= Beginning of Section =
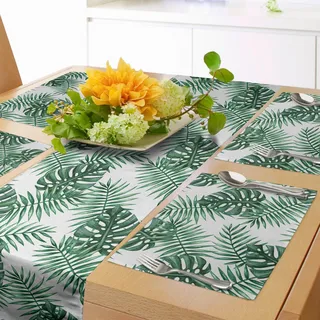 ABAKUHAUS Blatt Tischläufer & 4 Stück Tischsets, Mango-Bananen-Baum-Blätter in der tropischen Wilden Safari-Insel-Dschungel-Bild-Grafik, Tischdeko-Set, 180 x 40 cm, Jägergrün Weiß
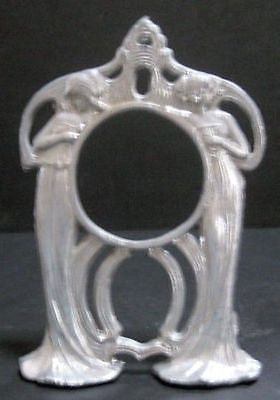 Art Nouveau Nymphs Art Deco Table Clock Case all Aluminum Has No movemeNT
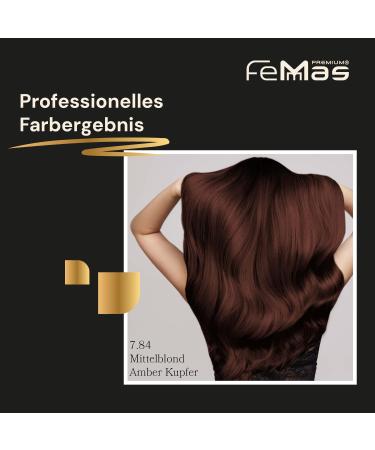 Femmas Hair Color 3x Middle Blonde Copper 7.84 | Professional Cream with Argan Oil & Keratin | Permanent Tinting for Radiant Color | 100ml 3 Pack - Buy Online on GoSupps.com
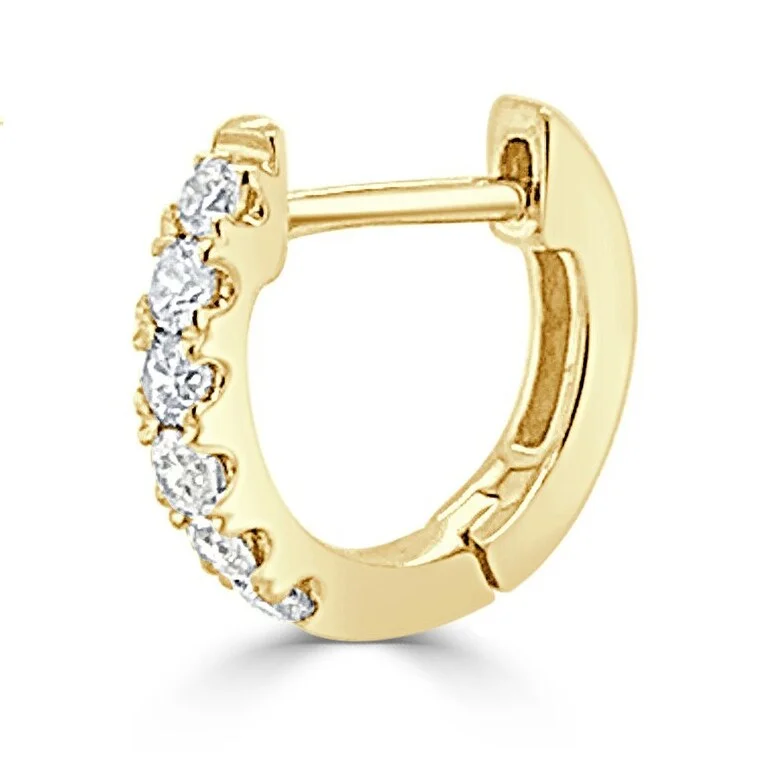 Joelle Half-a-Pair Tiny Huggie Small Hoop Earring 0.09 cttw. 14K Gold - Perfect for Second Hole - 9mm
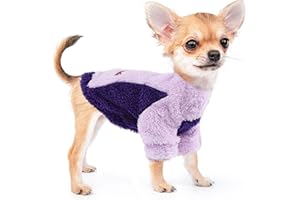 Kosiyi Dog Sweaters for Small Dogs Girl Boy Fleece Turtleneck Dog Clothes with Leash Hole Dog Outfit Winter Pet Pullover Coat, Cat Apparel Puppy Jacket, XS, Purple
= End of Section =
**What you need to do**: Nothing but the lines from the one containing "Art Nouveau Nymphs" through the final line of the entries above should be given again, each exactly as written; omit the pictures.

**Response below**:
 Art Nouveau Nymphs Art Deco Table Clock Case all Aluminum Has No movemeNT
 Femmas Hair Color 3x Middle Blonde Copper 7.84 | Professional Cream with Argan Oil & Keratin | Permanent Tinting for Radiant Color | 100ml 3 Pack - Buy Online on GoSupps.com
 Joelle Half-a-Pair Tiny Huggie Small Hoop Earring 0.09 cttw. 14K Gold - Perfect for Second Hole - 9mm
 Kosiyi Dog Sweaters for Small Dogs Girl Boy Fleece Turtleneck Dog Clothes with Leash Hole Dog Outfit Winter Pet Pullover Coat, Cat Apparel Puppy Jacket, XS, Purple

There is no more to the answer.